In a pre-trial brief - Trump's first comprehensive defense - the president's legal team, led by White House counsel Pat Cipollone and Trump private attorney Jay Sekulow, argued the president did nothing wrong and said: "The Senate should speedily reject these deficient articles of impeachment and acquit the president."
Trump is charged with abusing the powers of his office by pressuring Ukraine to investigate his political rival, Joe Biden, and obstructing a congressional probe into his conduct.
Trump's lawyers asserted that the abuse of power charge was not an impeachable offense, saying "House Democrats' newly-invented 'abuse of power' theory collapses at the threshold because it fails to allege any violation of law whatsoever."
The pre-trial brief also rejected the obstruction of Congress charge as "frivolous and dangerous," saying the president exercised his legal rights by resisting congressional subpoenas and that finding otherwise "would do lasting damage to the separation of powers."
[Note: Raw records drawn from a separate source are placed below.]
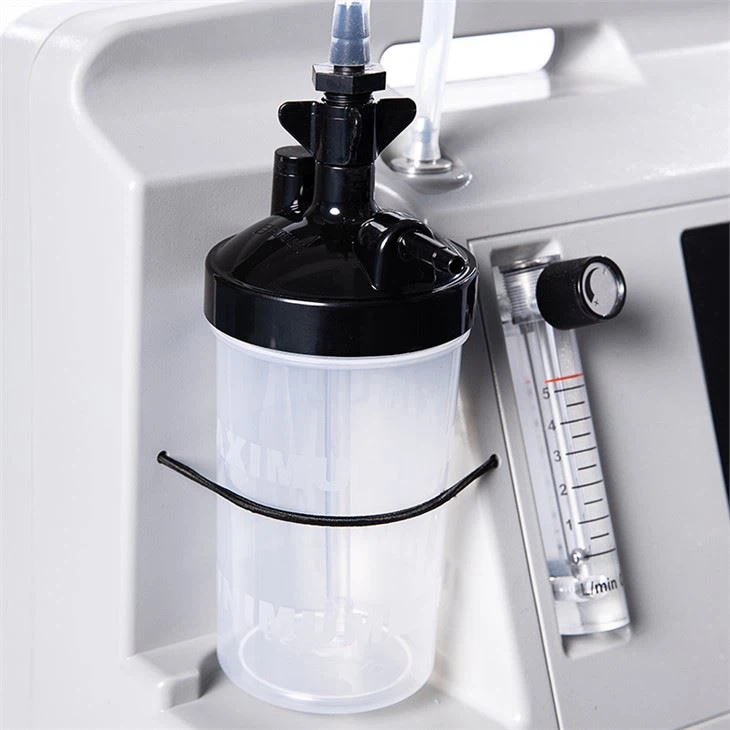 Boca ovlaživača zraka američke marke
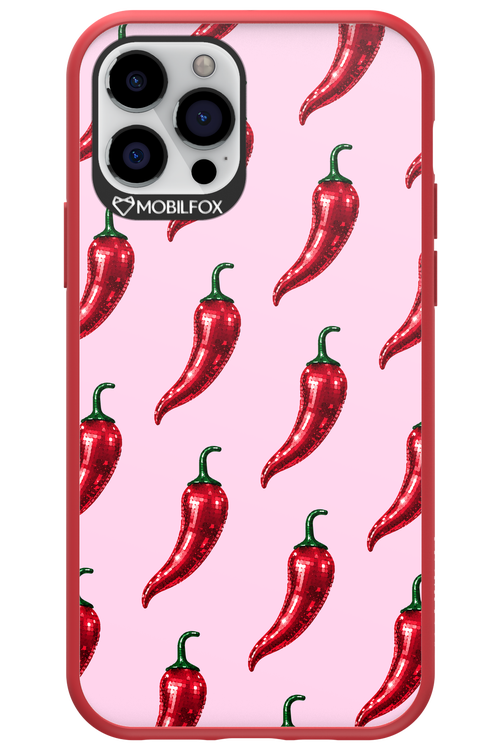 Chili Babe 2.0 - Apple iPhone 12 Pro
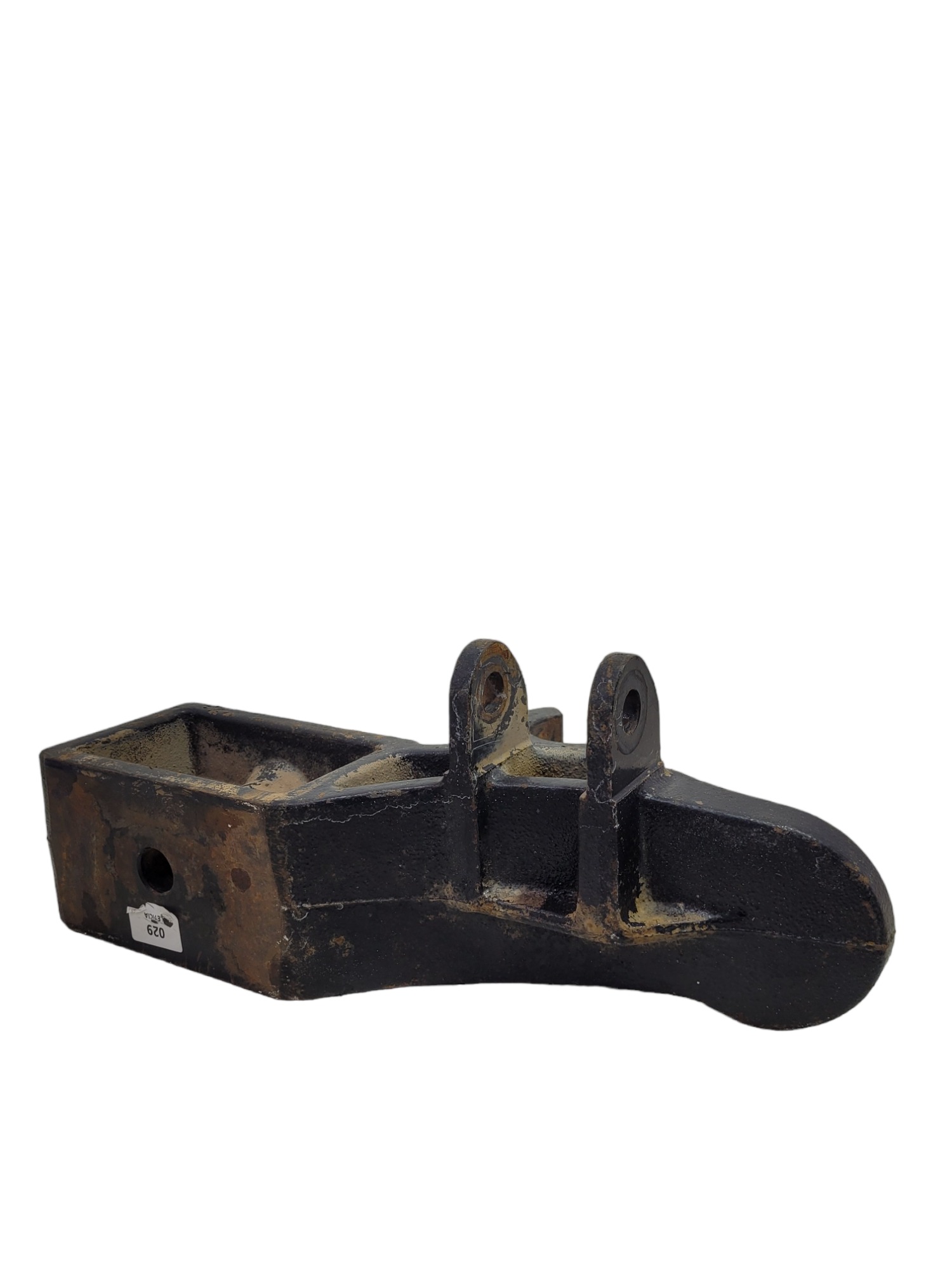 Suporte Estabilizador Esquerdo M Benz Axor 300808 2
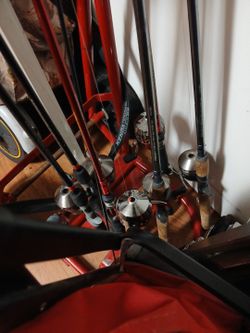 Ugly Stick  Tiger 7'0" X 2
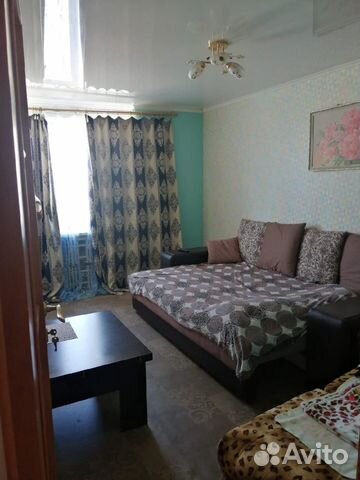 2-к квартира, 48 м², 4/4 эт. 2-к квартира, 48 м², 4/4 эт.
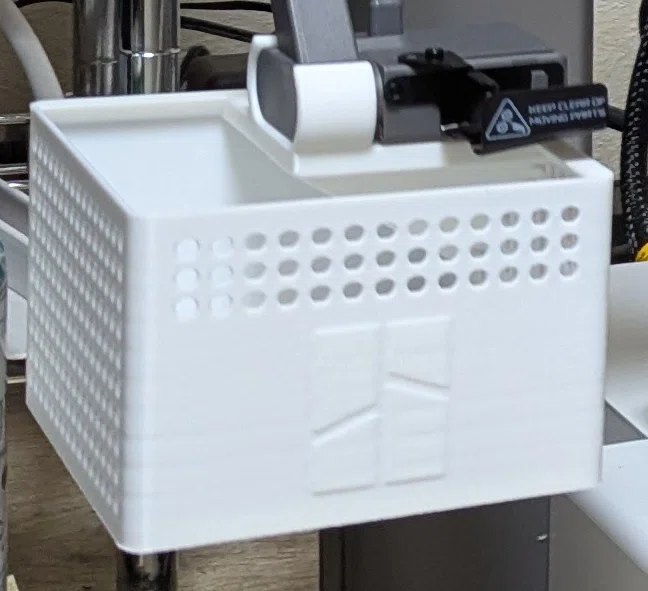 フィラメントボックス bambu lab a1 mini ケース 3D Printer Enclosure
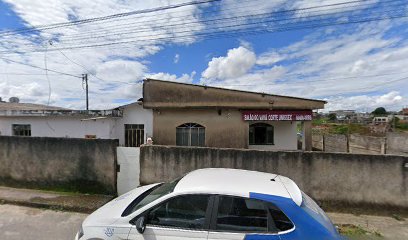 Fachada de Monte Mário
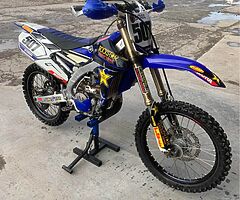 2015 yz450f - Image 6/7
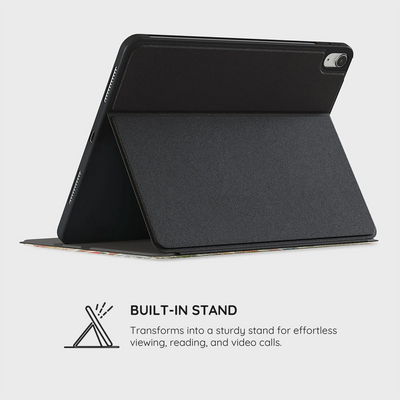 Tropical Market - iPad Air 10.9 (5th/4th Gen) Case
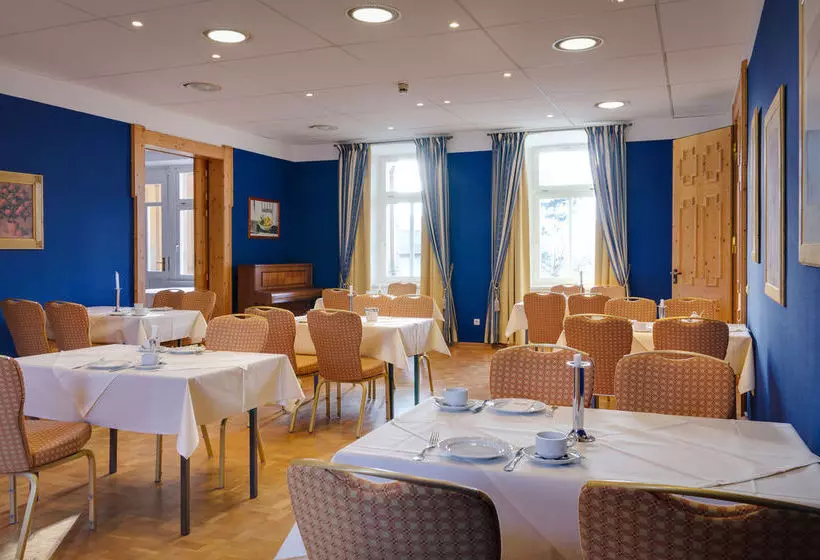 Hotel Himmelsscheibe Nebra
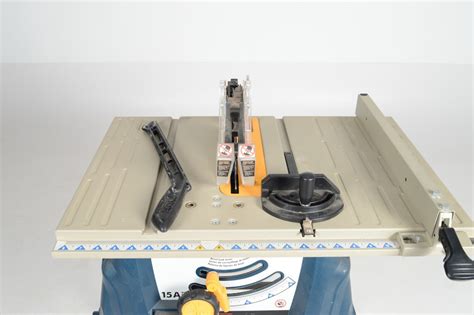 Ryobi Rts10 10 Table Saw Ebth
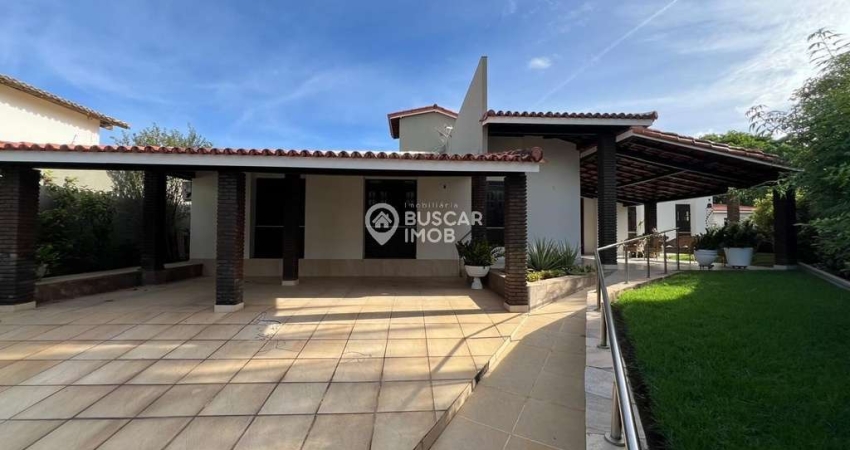 CASA TÉRREA COM 4/4 EM VILAS DO ATLÂNTICO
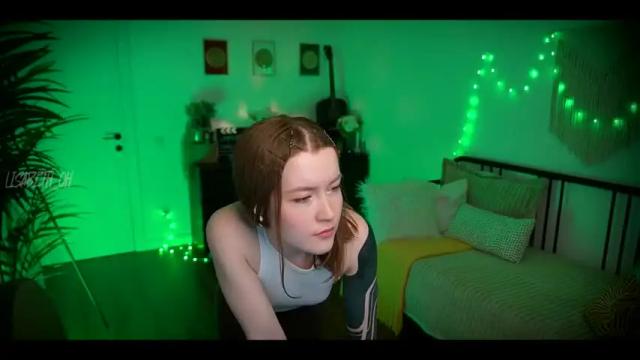 Image 11 of lisabeth_oh Stream on Chaturbate on 12 months ago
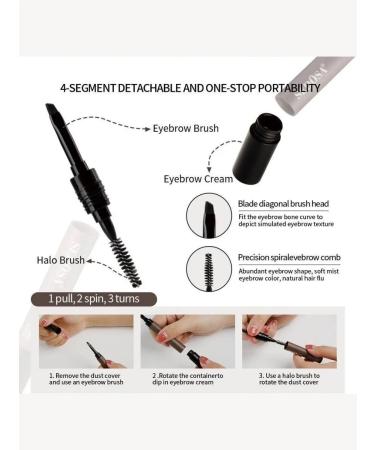 SHEGLAM Pencil automatic lipstick fixing - Buy Online on GoSupps.com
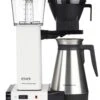 Moccamaster KBGT 471 - Filterkaffeemaschine Off White -Kaffeegetränkeladen Moccamaster KBGT Modell Filterkaffeemaschine mit Thermoskanne 1 25 Liter Off white 1280x1280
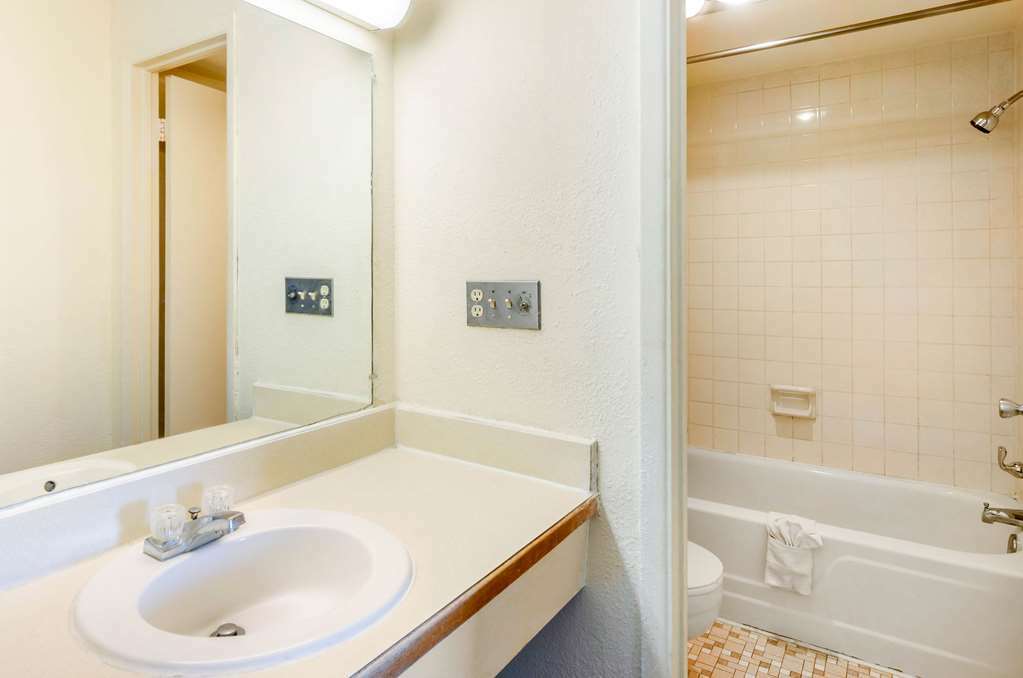 Motel 6 Wytheville Va Kamer foto
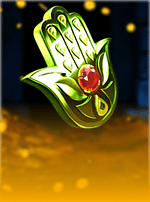 Royal Charm-bg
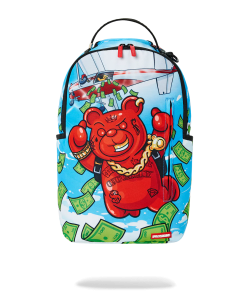 DIABLO ALL OR NOTHING BACKPACK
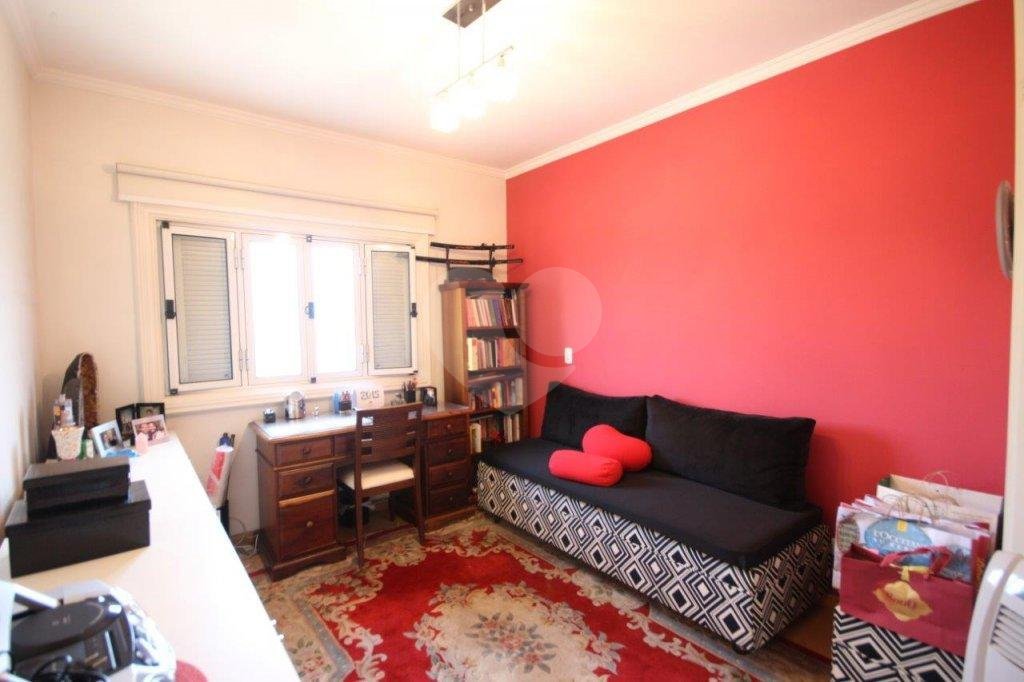 Apartamento à venda com 4 suítes em Vila Clementino, São Paulo, SP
The president's lawyers also accused House Democrats of conducting a rigged process and argued, as Trump and his allies have repeatedly, that this was an effort to overturn Trump's 2016 election victory.
The Republican-controlled Senate is highly unlikely to remove Trump from office, but the president has sought to diminish the accusations from Democrats as a partisan witch-hunt, as he seeks to limit the political damage to his re-election bid.
Trump on Monday also sought to show he is still conducting presidential business despite the trial, scheduling a trip to Davos, Switzerland, where he'll join global leaders at the World Economic Forum. Some advisers had argued against him making the trip.